__WHAT YOU SHOULD DO__
From the data below, set down exactly the lines between the one holding "Zara Boho Silk" and the one holding "Customized In My Football Mom Era Sweatshirt", inclusive, and no others.

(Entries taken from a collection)
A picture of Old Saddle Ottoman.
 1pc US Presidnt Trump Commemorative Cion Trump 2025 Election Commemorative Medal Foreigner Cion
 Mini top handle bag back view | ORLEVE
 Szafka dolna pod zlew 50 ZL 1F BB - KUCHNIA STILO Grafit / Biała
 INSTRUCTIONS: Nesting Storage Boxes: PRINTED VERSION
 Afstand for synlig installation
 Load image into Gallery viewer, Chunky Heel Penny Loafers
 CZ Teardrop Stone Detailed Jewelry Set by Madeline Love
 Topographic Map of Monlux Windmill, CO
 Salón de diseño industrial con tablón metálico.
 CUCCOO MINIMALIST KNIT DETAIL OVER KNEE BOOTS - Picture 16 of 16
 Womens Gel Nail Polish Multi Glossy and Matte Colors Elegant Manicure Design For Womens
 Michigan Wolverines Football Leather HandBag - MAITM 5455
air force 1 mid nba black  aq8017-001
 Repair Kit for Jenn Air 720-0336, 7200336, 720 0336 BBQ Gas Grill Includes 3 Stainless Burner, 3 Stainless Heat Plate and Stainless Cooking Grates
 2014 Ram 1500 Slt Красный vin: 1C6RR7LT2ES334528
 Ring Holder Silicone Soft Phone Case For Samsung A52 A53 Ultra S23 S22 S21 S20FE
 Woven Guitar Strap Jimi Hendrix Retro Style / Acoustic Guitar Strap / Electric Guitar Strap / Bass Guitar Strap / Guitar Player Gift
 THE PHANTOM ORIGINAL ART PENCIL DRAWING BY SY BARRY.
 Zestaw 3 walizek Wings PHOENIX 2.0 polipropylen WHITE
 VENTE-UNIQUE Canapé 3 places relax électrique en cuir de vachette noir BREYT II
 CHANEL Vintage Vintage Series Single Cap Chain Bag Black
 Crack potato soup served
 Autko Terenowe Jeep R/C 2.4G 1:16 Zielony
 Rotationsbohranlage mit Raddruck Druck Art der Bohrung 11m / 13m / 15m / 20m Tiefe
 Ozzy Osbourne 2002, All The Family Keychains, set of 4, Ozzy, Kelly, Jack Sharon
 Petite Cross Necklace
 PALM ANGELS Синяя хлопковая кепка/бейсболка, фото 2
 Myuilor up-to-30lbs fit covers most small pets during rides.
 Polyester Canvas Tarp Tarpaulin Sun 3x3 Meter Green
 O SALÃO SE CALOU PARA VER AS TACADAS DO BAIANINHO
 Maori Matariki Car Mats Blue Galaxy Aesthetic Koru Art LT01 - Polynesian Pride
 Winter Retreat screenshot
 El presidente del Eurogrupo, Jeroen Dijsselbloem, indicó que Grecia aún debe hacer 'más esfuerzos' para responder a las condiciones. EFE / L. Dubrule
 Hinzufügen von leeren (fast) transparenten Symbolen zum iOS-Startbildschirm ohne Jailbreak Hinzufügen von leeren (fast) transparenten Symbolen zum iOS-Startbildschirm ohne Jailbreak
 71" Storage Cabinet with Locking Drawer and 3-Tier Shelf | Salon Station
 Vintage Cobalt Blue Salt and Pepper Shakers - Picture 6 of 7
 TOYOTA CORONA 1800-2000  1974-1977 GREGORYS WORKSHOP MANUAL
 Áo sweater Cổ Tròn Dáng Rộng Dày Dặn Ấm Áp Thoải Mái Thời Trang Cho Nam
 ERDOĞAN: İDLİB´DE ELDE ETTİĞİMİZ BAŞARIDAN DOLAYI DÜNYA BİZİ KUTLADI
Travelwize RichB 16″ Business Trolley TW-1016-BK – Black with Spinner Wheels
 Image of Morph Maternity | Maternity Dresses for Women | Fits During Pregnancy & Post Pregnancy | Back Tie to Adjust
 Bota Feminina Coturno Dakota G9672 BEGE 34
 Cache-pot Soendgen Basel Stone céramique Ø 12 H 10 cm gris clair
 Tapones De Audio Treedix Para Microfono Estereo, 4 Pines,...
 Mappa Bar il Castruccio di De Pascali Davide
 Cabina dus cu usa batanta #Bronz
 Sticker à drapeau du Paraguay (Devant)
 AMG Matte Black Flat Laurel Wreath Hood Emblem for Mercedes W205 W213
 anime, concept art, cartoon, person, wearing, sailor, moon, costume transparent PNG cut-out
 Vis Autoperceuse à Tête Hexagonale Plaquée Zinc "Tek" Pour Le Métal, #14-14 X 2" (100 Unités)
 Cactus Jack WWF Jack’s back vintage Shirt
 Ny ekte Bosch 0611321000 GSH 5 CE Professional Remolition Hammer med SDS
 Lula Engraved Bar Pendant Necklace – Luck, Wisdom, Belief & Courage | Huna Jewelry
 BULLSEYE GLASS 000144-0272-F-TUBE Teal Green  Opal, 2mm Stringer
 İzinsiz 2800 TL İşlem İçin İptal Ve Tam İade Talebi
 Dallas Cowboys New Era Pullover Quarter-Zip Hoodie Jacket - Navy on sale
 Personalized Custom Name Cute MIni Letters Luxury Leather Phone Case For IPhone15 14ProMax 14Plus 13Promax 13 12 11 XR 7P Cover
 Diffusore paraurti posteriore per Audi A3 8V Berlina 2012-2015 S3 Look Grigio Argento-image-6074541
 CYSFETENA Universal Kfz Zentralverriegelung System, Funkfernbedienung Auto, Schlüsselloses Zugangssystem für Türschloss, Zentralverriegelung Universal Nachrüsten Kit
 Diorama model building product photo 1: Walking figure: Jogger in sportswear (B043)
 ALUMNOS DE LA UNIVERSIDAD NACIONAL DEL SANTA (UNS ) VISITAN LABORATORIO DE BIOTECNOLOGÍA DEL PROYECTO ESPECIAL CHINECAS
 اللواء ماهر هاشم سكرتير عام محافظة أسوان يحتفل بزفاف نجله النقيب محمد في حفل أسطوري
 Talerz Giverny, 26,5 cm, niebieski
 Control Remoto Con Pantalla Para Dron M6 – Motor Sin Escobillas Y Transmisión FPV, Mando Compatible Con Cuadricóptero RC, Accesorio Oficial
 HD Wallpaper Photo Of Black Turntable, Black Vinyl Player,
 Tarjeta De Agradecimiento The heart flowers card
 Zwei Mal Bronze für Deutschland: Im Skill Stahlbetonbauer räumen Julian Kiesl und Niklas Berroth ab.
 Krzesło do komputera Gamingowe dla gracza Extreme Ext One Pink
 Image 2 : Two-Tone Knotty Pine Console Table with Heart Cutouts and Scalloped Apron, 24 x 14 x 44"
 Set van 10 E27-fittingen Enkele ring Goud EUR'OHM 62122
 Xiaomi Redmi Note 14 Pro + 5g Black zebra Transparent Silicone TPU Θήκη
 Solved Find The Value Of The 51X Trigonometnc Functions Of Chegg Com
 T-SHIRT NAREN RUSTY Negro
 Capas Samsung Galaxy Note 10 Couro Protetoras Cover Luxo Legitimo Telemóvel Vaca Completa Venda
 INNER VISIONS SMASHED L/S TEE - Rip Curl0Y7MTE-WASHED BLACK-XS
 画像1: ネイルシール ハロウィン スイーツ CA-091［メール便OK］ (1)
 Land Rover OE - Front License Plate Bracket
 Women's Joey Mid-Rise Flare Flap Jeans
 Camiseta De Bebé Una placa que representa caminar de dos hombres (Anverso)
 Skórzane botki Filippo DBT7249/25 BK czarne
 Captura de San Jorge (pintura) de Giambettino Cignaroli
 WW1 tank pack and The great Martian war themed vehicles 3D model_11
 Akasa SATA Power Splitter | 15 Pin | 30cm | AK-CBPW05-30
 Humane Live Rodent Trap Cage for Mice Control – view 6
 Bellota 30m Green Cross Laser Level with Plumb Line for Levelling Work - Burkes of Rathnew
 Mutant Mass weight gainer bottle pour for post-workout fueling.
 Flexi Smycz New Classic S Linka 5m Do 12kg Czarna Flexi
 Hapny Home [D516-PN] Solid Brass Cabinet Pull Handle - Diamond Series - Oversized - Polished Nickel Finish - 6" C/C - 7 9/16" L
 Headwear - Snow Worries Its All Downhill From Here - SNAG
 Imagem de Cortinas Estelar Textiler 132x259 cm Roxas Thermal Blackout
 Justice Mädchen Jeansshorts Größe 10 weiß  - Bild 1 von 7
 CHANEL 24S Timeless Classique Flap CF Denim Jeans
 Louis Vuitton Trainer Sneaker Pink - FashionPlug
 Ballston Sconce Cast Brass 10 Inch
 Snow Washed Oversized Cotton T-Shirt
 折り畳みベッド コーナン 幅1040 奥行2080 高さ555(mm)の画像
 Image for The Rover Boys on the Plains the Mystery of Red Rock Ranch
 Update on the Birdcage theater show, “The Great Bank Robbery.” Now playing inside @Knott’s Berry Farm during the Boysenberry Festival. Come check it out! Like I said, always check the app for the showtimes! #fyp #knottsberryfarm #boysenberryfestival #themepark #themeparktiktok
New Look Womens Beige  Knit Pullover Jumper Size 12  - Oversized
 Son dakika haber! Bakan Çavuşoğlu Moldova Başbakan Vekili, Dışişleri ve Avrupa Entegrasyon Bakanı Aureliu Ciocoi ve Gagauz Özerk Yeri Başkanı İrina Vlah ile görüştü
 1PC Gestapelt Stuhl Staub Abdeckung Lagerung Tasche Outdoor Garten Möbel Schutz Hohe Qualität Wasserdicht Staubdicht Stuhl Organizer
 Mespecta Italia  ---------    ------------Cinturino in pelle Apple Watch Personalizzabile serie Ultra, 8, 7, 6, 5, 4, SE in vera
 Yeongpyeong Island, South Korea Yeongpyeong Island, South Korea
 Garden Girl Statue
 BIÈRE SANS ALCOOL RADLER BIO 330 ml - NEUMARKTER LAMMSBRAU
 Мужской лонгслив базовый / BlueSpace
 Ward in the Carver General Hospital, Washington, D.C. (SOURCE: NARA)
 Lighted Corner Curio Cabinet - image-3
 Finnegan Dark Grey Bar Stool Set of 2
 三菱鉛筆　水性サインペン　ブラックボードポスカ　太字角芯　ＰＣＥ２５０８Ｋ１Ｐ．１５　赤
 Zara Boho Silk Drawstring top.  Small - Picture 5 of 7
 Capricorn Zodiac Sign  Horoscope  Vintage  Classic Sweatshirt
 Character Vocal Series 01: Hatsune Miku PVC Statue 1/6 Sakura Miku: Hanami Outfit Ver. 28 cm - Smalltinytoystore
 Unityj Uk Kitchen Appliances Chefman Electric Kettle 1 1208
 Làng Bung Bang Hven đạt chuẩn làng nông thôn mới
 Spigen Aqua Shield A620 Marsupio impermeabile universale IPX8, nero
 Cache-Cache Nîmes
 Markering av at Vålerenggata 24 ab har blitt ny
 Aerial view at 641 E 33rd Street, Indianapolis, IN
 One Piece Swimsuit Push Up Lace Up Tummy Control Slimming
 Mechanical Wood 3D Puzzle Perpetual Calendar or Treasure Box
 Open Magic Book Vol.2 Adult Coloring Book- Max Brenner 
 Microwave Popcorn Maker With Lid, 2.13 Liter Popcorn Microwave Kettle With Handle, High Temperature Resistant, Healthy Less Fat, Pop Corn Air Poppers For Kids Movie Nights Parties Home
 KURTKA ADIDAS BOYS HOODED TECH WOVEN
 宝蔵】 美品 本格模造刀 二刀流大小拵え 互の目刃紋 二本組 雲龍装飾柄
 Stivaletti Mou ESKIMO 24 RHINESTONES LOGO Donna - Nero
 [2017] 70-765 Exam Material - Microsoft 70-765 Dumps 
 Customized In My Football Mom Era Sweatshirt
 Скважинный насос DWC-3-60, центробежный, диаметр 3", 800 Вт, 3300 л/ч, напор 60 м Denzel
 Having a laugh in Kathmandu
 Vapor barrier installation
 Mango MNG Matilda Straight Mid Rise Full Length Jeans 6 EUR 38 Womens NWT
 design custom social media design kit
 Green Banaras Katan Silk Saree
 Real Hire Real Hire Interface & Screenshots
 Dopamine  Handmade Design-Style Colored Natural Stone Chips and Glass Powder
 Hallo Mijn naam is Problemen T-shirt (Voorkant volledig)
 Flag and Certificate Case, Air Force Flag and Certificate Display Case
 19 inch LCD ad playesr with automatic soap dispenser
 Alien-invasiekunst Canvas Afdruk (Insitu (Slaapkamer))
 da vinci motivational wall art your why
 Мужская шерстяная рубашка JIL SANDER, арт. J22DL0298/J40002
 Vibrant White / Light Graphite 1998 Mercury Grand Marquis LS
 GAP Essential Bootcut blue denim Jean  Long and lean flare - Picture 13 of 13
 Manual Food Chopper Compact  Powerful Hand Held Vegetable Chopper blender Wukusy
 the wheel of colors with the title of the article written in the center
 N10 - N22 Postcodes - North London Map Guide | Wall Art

__REPLY TO THE TASK__
 Zara Boho Silk Drawstring top.  Small - Picture 5 of 7
 Capricorn Zodiac Sign  Horoscope  Vintage  Classic Sweatshirt
 Character Vocal Series 01: Hatsune Miku PVC Statue 1/6 Sakura Miku: Hanami Outfit Ver. 28 cm - Smalltinytoystore
 Unityj Uk Kitchen Appliances Chefman Electric Kettle 1 1208
 Làng Bung Bang Hven đạt chuẩn làng nông thôn mới
 Spigen Aqua Shield A620 Marsupio impermeabile universale IPX8, nero
 Cache-Cache Nîmes
 Markering av at Vålerenggata 24 ab har blitt ny
 Aerial view at 641 E 33rd Street, Indianapolis, IN
 One Piece Swimsuit Push Up Lace Up Tummy Control Slimming
 Mechanical Wood 3D Puzzle Perpetual Calendar or Treasure Box
 Open Magic Book Vol.2 Adult Coloring Book- Max Brenner 
 Microwave Popcorn Maker With Lid, 2.13 Liter Popcorn Microwave Kettle With Handle, High Temperature Resistant, Healthy Less Fat, Pop Corn Air Poppers For Kids Movie Nights Parties Home
 KURTKA ADIDAS BOYS HOODED TECH WOVEN
 宝蔵】 美品 本格模造刀 二刀流大小拵え 互の目刃紋 二本組 雲龍装飾柄
 Stivaletti Mou ESKIMO 24 RHINESTONES LOGO Donna - Nero
 [2017] 70-765 Exam Material - Microsoft 70-765 Dumps 
 Customized In My Football Mom Era Sweatshirt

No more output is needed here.